(Supplied records)

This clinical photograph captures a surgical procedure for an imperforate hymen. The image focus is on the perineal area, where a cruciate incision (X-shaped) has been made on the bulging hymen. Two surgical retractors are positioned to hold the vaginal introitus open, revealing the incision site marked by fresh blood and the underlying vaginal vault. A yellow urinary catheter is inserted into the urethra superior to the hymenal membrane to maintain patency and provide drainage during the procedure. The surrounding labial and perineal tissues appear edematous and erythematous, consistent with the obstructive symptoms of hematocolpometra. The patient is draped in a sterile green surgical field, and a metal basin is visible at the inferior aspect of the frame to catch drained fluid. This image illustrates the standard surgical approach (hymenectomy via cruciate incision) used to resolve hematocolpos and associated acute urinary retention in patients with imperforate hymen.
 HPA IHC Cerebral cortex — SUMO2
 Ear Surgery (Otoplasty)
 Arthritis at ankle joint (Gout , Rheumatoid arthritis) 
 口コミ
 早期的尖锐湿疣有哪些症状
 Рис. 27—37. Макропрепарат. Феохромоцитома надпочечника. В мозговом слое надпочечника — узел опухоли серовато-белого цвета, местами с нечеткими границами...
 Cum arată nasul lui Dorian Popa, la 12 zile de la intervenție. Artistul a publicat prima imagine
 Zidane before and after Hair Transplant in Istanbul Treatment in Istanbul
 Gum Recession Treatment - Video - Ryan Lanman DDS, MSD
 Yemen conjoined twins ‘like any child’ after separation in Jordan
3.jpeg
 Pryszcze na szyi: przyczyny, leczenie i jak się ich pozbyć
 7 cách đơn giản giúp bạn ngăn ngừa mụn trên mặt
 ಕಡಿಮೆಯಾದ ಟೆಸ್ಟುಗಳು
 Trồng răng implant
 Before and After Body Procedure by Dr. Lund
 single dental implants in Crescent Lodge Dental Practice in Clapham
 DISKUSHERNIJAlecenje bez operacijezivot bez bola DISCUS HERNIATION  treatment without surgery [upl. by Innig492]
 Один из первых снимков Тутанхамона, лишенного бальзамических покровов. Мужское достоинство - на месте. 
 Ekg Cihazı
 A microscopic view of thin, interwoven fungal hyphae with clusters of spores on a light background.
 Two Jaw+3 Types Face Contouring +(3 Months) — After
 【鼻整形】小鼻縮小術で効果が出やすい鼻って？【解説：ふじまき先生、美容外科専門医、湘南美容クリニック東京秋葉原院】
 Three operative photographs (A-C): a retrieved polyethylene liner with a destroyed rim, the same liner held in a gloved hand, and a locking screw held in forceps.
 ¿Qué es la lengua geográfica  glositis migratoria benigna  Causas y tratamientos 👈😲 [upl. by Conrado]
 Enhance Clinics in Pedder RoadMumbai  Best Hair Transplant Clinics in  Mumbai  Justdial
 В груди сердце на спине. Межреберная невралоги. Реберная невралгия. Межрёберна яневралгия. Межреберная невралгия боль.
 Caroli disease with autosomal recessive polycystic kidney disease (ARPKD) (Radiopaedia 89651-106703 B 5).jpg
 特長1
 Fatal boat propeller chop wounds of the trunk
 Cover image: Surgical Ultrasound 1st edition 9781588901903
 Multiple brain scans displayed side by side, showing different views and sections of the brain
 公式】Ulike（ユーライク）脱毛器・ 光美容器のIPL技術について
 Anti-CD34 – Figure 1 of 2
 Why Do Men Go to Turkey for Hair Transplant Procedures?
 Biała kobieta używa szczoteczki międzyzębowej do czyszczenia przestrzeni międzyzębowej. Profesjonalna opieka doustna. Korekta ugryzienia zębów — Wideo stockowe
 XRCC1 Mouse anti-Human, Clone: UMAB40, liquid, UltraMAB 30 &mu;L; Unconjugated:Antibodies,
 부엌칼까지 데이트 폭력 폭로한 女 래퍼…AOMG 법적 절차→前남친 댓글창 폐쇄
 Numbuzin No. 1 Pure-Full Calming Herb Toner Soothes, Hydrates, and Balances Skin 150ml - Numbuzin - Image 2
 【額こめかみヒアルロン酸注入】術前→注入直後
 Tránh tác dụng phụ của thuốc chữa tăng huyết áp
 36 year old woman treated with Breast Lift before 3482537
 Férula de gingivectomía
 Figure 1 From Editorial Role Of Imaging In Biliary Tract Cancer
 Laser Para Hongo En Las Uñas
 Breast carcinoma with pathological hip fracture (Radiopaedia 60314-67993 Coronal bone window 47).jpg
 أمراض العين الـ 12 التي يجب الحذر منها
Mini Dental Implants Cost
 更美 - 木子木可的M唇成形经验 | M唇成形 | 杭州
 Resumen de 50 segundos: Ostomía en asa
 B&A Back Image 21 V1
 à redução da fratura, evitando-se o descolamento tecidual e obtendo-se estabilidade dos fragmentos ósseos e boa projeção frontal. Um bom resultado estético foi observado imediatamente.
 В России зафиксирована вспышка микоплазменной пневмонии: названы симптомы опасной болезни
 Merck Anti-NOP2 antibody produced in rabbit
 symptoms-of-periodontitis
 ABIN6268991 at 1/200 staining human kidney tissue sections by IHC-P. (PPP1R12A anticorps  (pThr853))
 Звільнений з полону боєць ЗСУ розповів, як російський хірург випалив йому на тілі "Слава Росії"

(End Supplied records)

[Problem]: Take the lines above from the one containing "Breast carcinoma with" down to the one containing "B&A Back Image 21 V1", and transcribe them exactly, both ends included.

[Expected output]:
 Breast carcinoma with pathological hip fracture (Radiopaedia 60314-67993 Coronal bone window 47).jpg
 أمراض العين الـ 12 التي يجب الحذر منها
Mini Dental Implants Cost
 更美 - 木子木可的M唇成形经验 | M唇成形 | 杭州
 Resumen de 50 segundos: Ostomía en asa
 B&A Back Image 21 V1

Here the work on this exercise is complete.